A ironia é que, apesar de as marcas chinesas avançarem em dezenas de mercados, elas quase não existem nas ruas americanas por tarifas, regras de segurança nacional e normas automotivas.

Mesmo assim, os EVs e híbridos com aparência premium e tecnologia de ponta viraram “iscas” perfeitas para algoritmos, enquanto México importa muitos carros chineses e o Canadá abriu uma cota limitada.

Em janeiro, em Detroit, o presidente Donald Trump disse que receberia investimento automotivo estrangeiro, incluindo da China, e isso deixou o setor em alerta.

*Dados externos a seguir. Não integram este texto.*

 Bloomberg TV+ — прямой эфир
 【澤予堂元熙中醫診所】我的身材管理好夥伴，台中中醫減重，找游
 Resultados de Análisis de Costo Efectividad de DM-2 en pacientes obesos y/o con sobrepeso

Antes de um encontro previsto para meados de maio, em Pequim, com o presidente Xi Jinping, lobbies e senadores dos dois partidos pressionaram para manter as marcas chinesas fora.

Na CES de janeiro em Las Vegas, a Zhejiang Geely Holding Group Co., dona da Zeekr, afirmou estar avaliando o mercado americano e indicou decisão formal em 24 a 36 meses.

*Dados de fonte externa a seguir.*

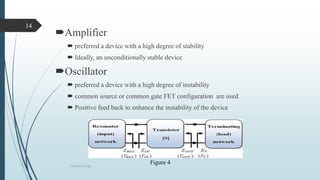 Amplifier
 preferred a device with a high degree of stability
 Ideally, an unconditionally stable device
Oscillator
 preferred a device with a high degree of instability
 common source or common gate FET configuration are used
 Positive feed back to enhance the instability of the device
Oscillator Design
14
Figure 4
 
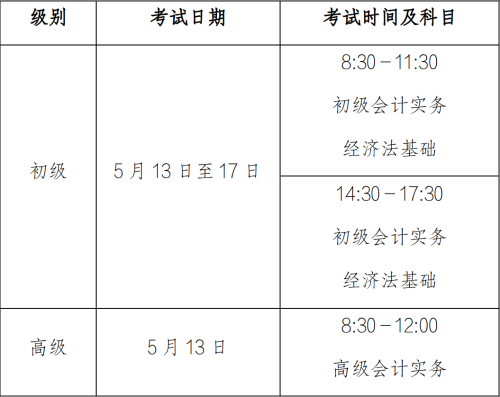 三门峡转发河南关于2023年高级会计打印准考证的公告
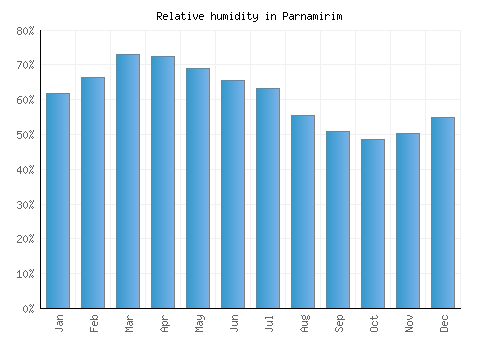 Parnamirim relative humidity averages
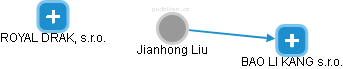  Jianhong L. - Vizualizace  propojení osoby a firem v obchodním rejstříku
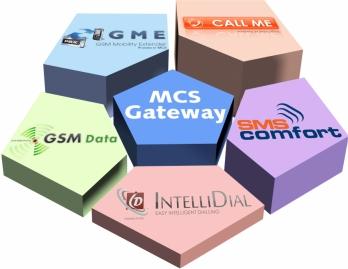 VOIP GSM Gateways - 57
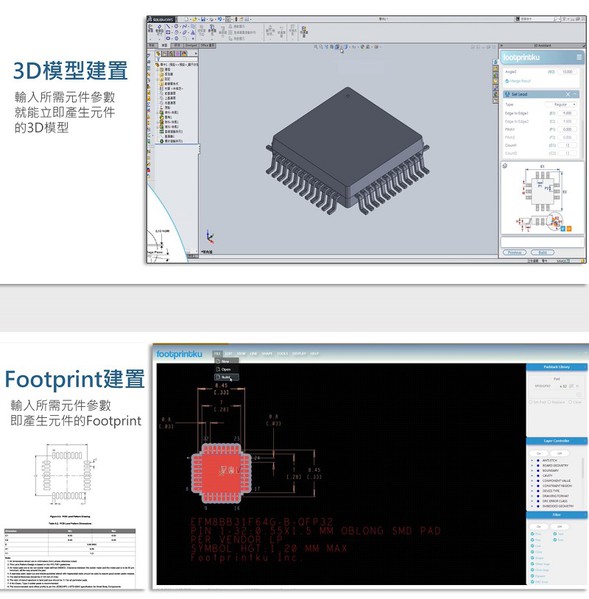 图四 : 富比库的数位元件资料建置方案。（资料提供：富比库）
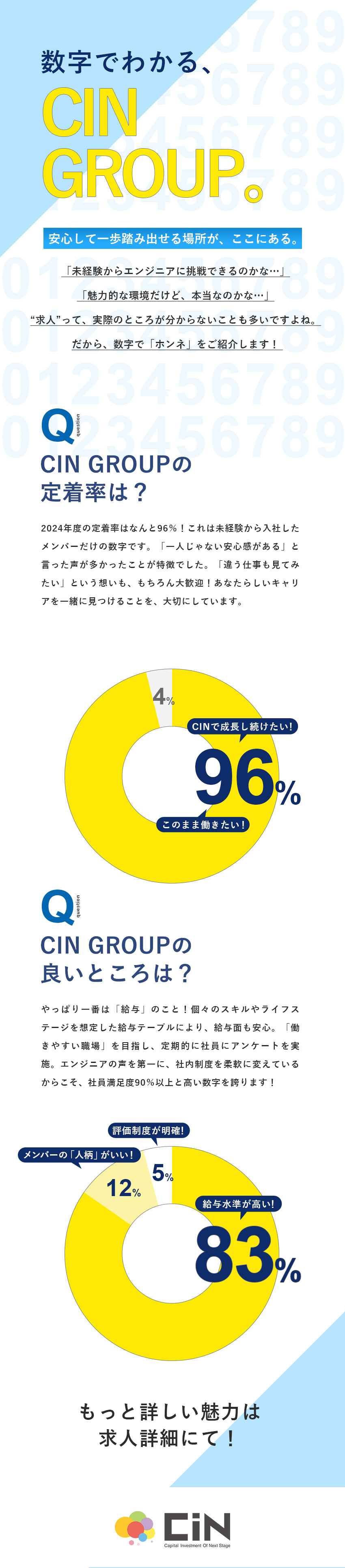【未経験歓迎】6カ月間の研修でゼロからエンジニアへ／【定着率96％】私服OK・在宅可・残業10H以下／【納得の給与】半期で125%給与UP事例あり／株式会社ＣＩＮ　ＧＲＯＵＰ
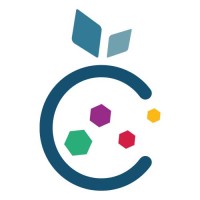 Fructiweb logo - Similar company to Fresh Mint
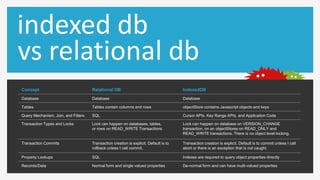 indexed db
vs relational db
Concept                              Relational DB                                     IndexedDB
Database                             Database                                          Database

Tables                               Tables contain columns and rows                   objectStore contains Javascript objects and keys

Query Mechanism, Join, and Filters   SQL                                               Cursor APIs, Key Range APIs, and Application Code

Transaction Types and Locks          Lock can happen on databases, tables,             Lock can happen on database on VERSION_CHANGE
                                     or rows on READ_WRITE Transactions                transaction, on an objectStores on READ_ONLY and
                                                                                       READ_WRITE transactions. There is no object level locking.

Transaction Commits                  Transaction creation is explicit. Default is to   Transaction creation is explicit. Default is to commit unless I call
                                     rollback unless I call commit.                    abort or there is an exception that is not caught.

Property Lookups                     SQL                                               Indexes are required to query object properties directly

Records/Data                         Normal form and single valued properties          De-normal form and can have multi-valued properties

Ainda que as portas estejam fechadas, a percepção do público mudou: um terço dos compradores de carro novo consideraria um veículo feito na China, contra 18% em 2021, segundo Alexander Edwards, da Strategic Vision.

Quando Marques Brownlee, influenciador de tecnologia de Nova Jersey com mais de 20 milhões de inscritos no YouTube, avaliou o Xiaomi SU7 em dezembro, o vídeo chegou a cerca de 10 milhões de views.

A Sprout Social estimou que isso gerou US$ 1.2 million (R$ 6 milhões) em exposição não paga para a Xiaomi, e os dados apontam que o TikTok da marca subiu 20% no ano, para 7,8 milhões.

Do lado do comércio, a China EV Marketplace, de Hong Kong, que exporta EVs para 55 países, recebeu mais de 1.000 pedidos de cotação dos EUA, mas não consegue atender consumidores comuns, segundo o CEO Jiri Opletal.

Em 2024, o presidente Joe Biden impôs tarifa de 100% sobre EVs chineses e depois restringiu a importação de carros com software e hardware de adversários dos EUA, citando riscos de hackeamento e coleta de dados.

Peter Kmieck, broker-chefe da Kappa Customs Brokers em Miami, diz que, além de fretes que podem chegar a US$ 2,000 (R$ 9.900), o maior obstáculo é adequar os carros a padrões da EPA e do Departamento de Transporte.

A frustração cresce porque o preço médio do carro novo subiu 26% desde 2020 e chegou a US$ 49,353 (R$ 245.000) em fevereiro, segundo a Kelley Blue Book, com juros, seguro e manutenção pesando.

Alexandra Kozak, 33, de Charlotte, na Carolina do Norte, se encantou com um BYD Seagull 2023 por US$ 13,000 (R$ 64.500) com tela giratória de 10 polegadas, carregador sem fio e Amazon Music.

Ela dirige um Toyota Camry usado comprado por US$ 26,000 (R$ 129.100) na pandemia e diz que a inacessibilidade dos chineses parece “injusta” justamente por causa do preço.

Parte do espetáculo foi bancada pela Beijing Dongchedi Technology Co., a DCar, plataforma de conteúdo automotivo desmembrada da ByteDance em 2023, que financiou viagens, logística e a produção de posts.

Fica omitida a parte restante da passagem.